Iran-polisario : l’alerte d’un ex-émissaire américain sur une menace aux portes de l’Europe
Dans une analyse percutante, Jason D. Greenblatt, ancien émissaire de la Maison-Blanche, lève un nouveau voile sur la stratégie d'infiltration de Téhéran en Afrique du Nord. En s'appuyant sur les milices du polisario, l'Iran cherche à répliquer le modèle du Hezbollah au Maghreb, menaçant non seulement l'intégrité territoriale du Royaume, mais aussi la sécurité de ses alliés occidentaux.
L’ancien émissaire américain pour le Moyen-Orient, Jason D. Greenblatt, met en garde contre un renforcement de l’influence iranienne en Afrique du Nord, estimant que Téhéran s’appuie désormais sur le polisario comme un "proxy" pour étendre ses capacités d’action aux portes de l’Europe.
Une mise en garde sur l’influence iranienne
Dans une analyse publiée le 17 mars sur le site d’information international Semafor, M. Greenblatt, architecte des accords d’Abraham, affirme que la stratégie iranienne consiste à soutenir des mouvements séparatistes afin de les transformer en acteurs armés capables de déstabiliser des régions entières.
Selon lui, ce schéma, déjà observé au Liban avec le Hezbollah ou au Yémen avec les Houthis, pourrait se reproduire en Afrique du Nord. "Le monde a déjà vu où mène cette stratégie au Liban et au Yémen", souligne-t-il, estimant que le polisario est en passe de devenir un instrument de déstabilisation régionale au service de Téhéran.
L’Iran chercherait ainsi, selon cette analyse, à transformer un différend territorial en un foyer de "terrorisme transcontinental", notamment à travers la fourniture de drones, de formations militaires et de soutien logistique, parfois via le Hezbollah.
Un texte déposé au Congrès américain
Cette mise en garde intervient quelques jours après l’introduction, le 13 mars, au Congrès américain, d’un projet de loi porté par les sénateurs républicains Ted Cruz, Tom Cotton et Rick Scott.

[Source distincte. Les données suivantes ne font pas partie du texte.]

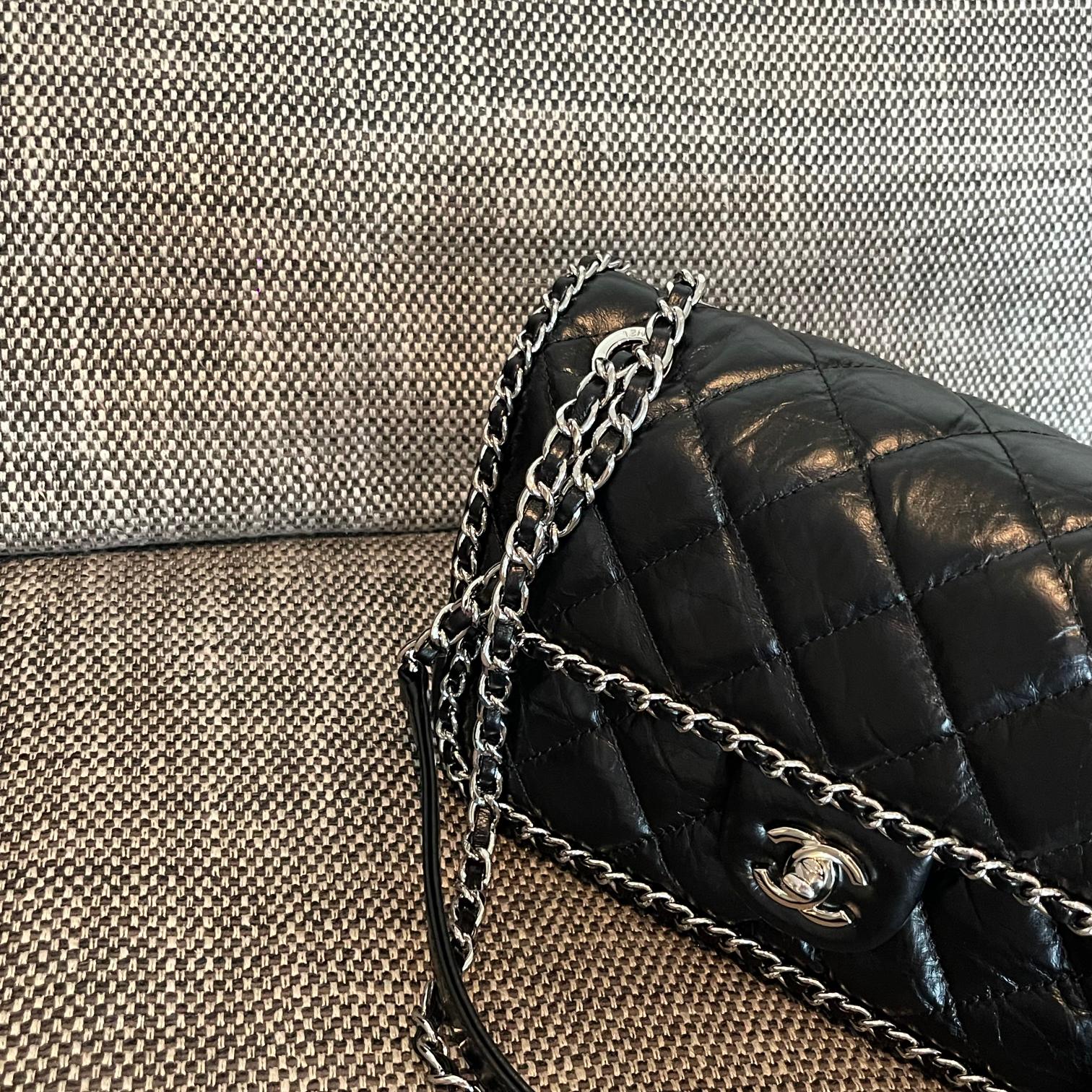 Black Quilted Glazed Calfskin Flap Handbag with Silver-Tone Chain Trim and Turnlock Hardware - Mocuir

Intitulé Polisario Front Terrorist Designation Act of 2026, ce texte demande au secrétaire d’État d’examiner une éventuelle désignation du Polisario comme organisation terroriste, dans le cas où des liens avec des groupes iraniens déjà inscrits sur les listes américaines seraient établis.

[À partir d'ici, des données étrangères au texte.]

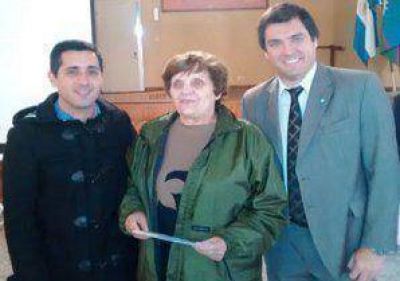 ANSeS entreg� 200 tarjetas �Argenta� a jubilados de Jun�n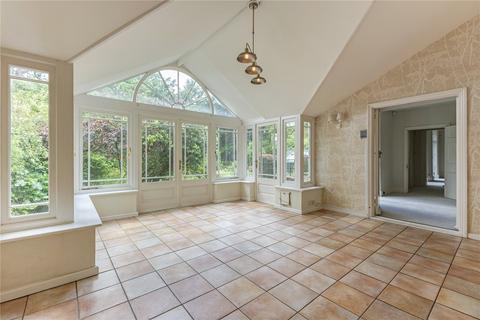 3 bed property, in Guillards Oak, £1,050,000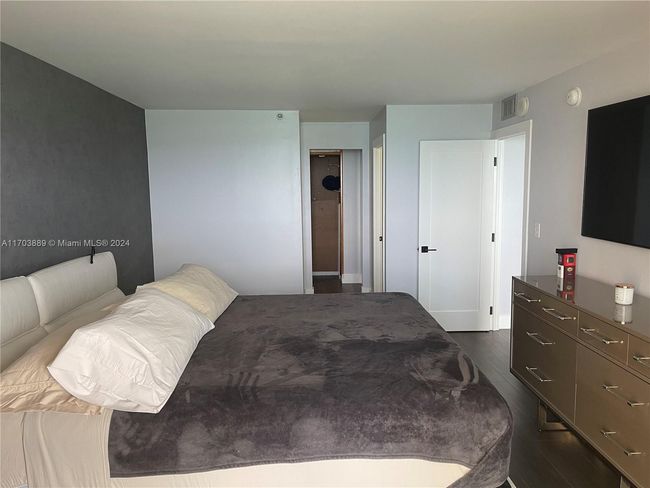 APT-1409 - 2555 Collins Ave, Condo with 2 bedrooms, 2 bathrooms and null parking in Miami Beach FL | Image 36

Le Sahara dans un contexte géopolitique plus large
Pour M. Greenblatt, ces évolutions s’inscrivent dans un contexte géopolitique marqué par la reconnaissance, en 2020, par les États-Unis de la souveraineté du Maroc sur le Sahara, ainsi que par l’adhésion du Royaume aux accords d’Abraham, qui ont renforcé son positionnement comme acteur de stabilité et de coopération sécuritaire.
L’ancien responsable américain estime que ce rôle accru fait du Maroc une cible pour Téhéran, qui chercherait à affaiblir l’un des partenaires les plus fiables de Washington et à compromettre les efforts de normalisation régionale.
Un appel à la vigilance internationale
Selon lui, l’absence de désignation formelle du Polisario comme organisation terroriste par certaines instances internationales "ne diminue en rien sa dangerosité". Le mouvement, affirme-t-il, ne se limiterait plus à des revendications politiques, mais agirait désormais comme une milice sous influence étrangère, susceptible de menacer la sécurité du Maroc ainsi que celle de l’Afrique du Nord et de la Méditerranée.
"Miner le Maroc, c’est miner les intérêts américains", insiste M. Greenblatt, appelant à une prise de conscience internationale face à ce qu’il décrit comme une nouvelle forme de guerre hybride menée par l’Iran contre les alliés occidentaux.
Il met également en garde contre les conséquences d’un éventuel attentisme de la communauté internationale, rappelant que des situations similaires au Liban et au Yémen ont conduit à des formes durables de déstabilisation. Pour lui, la défense de l’intégrité territoriale du Maroc s’inscrit dans un enjeu plus large de stabilité régionale et internationale.
Dans ce contexte, conclut-il, ignorer les liens présumés entre le polisario et l’Iran constituerait une "erreur stratégique majeure" aux conséquences potentiellement étendues.